Trout Unlimited CCC

Part of the Knowing Our Waters Project

By Kirk Jalbert, Manager of Community-Based Research and Engagement
Maps by Matt Kelso, Manager of Data and Technology

Many of Pennsylvania’s waterways have been impaired by decades of changing land use activities. These include a myriad of potential impacts related to the oil and gas industry such as spills at active and abandoned wells, water withdrawals, the improper disposal of wastewater, temperature increases due to removal of riparian buffers, and sedimentation from roadway construction. Today, only 30% of Pennsylvania’s streams contain some population of brook trout, brown trout, or rainbow trout. Less than 2% of these sustain naturally reproducing wild trout native to the region.

This installment of the Knowing Our Waters project – formatted as an interactive “story map” – tells the story of The Pennsylvania Council of Trout Unlimited (PATU), and their volunteer water monitoring program called the Coldwater Conservation Corps (CCC) that seeks to protect these high quality watersheds. FracTracker joined the CCC in September 2015 for a “watershed snapshot day” held in the Sinnemahoning Creek Watershed, in Potter County, PA.

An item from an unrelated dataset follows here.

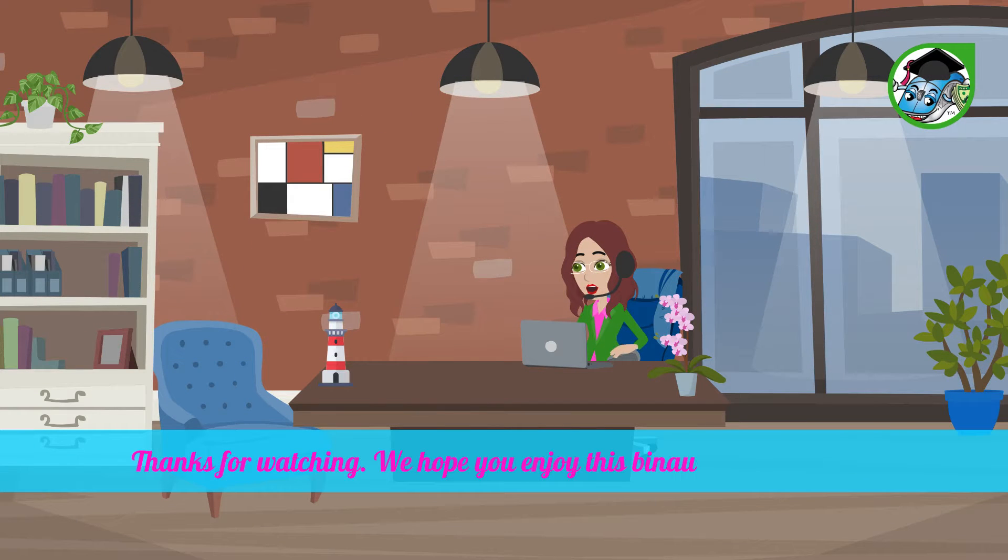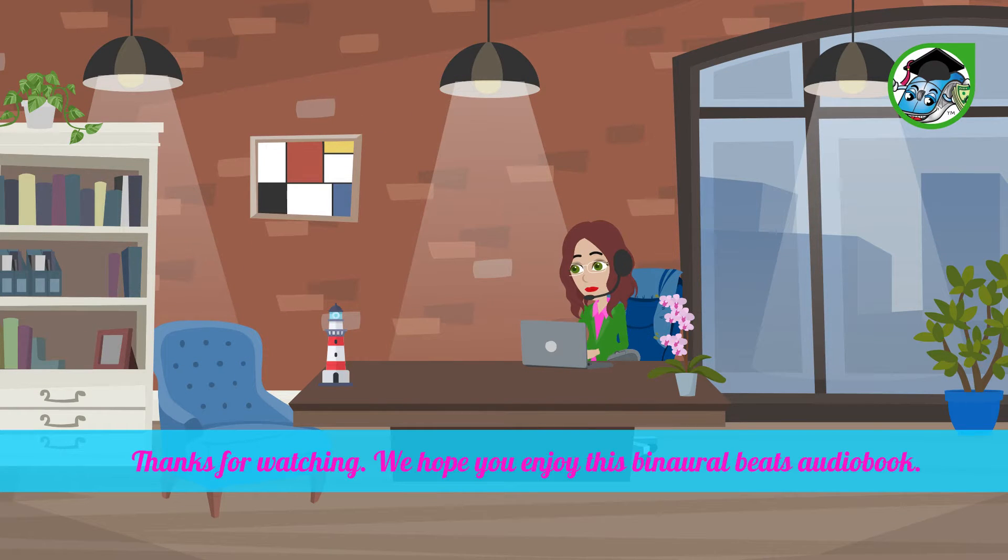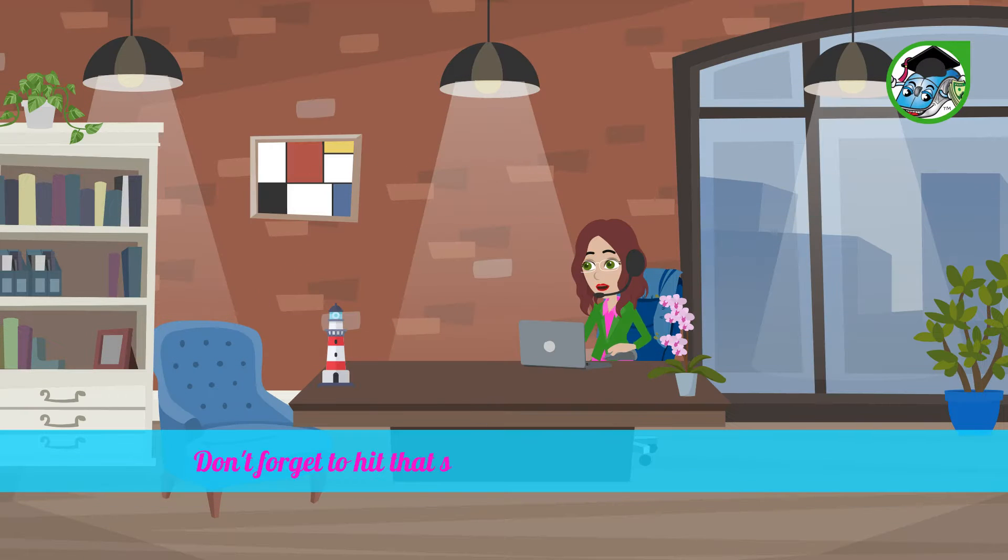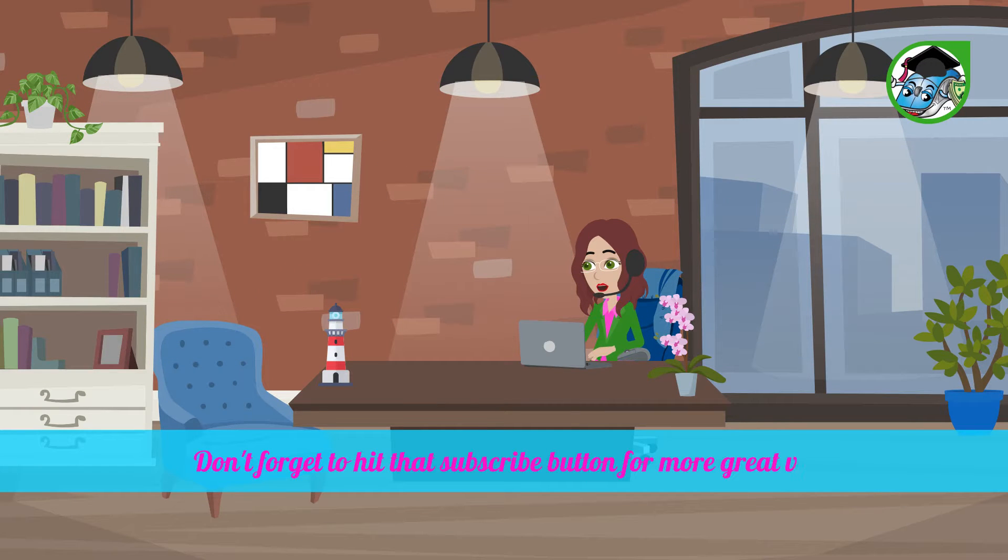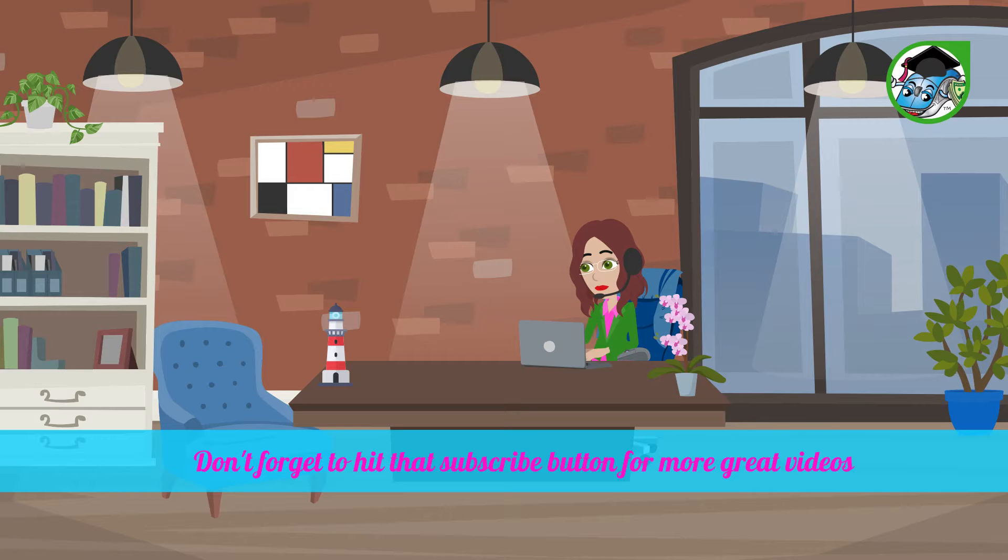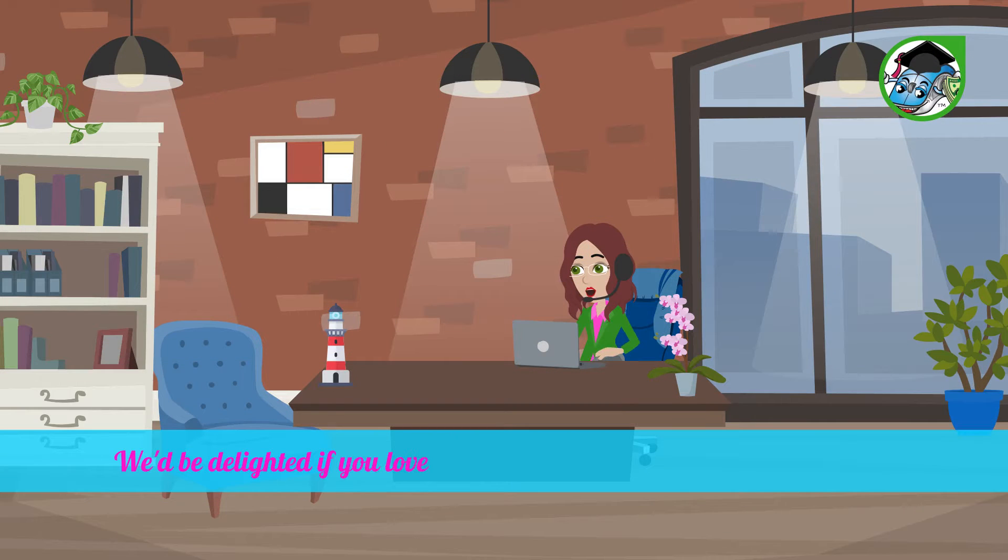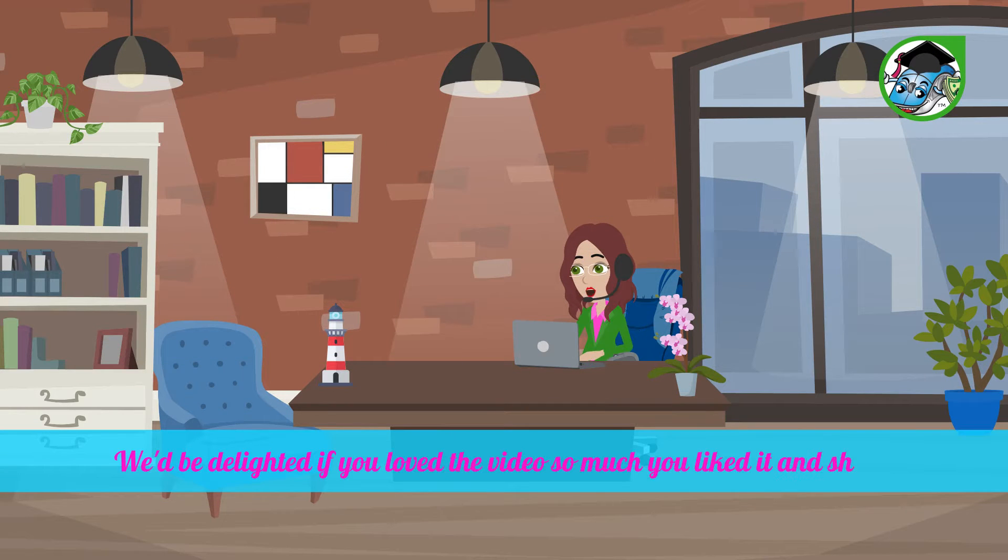We hope you enjoy this Binaural Beats Audiobook. Don't forget to hit that subscribe button for more great videos. We'd be delighted if you loved this video so much you liked it and shared it with a friend.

Compared to other watersheds featured in the Knowing Our Waters project, Sinnemahoning Creek has largely been protected from some of the major environmental impacts of unconventional oil and gas development. However, the watershed is situated in a region that has seen a long history of conventional drilling, and is slated for additional conventional and unconventional drilling in the future. In this article we hear the stories of CCC volunteers and why they participate in monitoring. We also get a glimpse of how PATU hopes to use this information to protect highly valued fishing habitats like Sinnemahoning Creek from the oil and gas industry’s related hazards.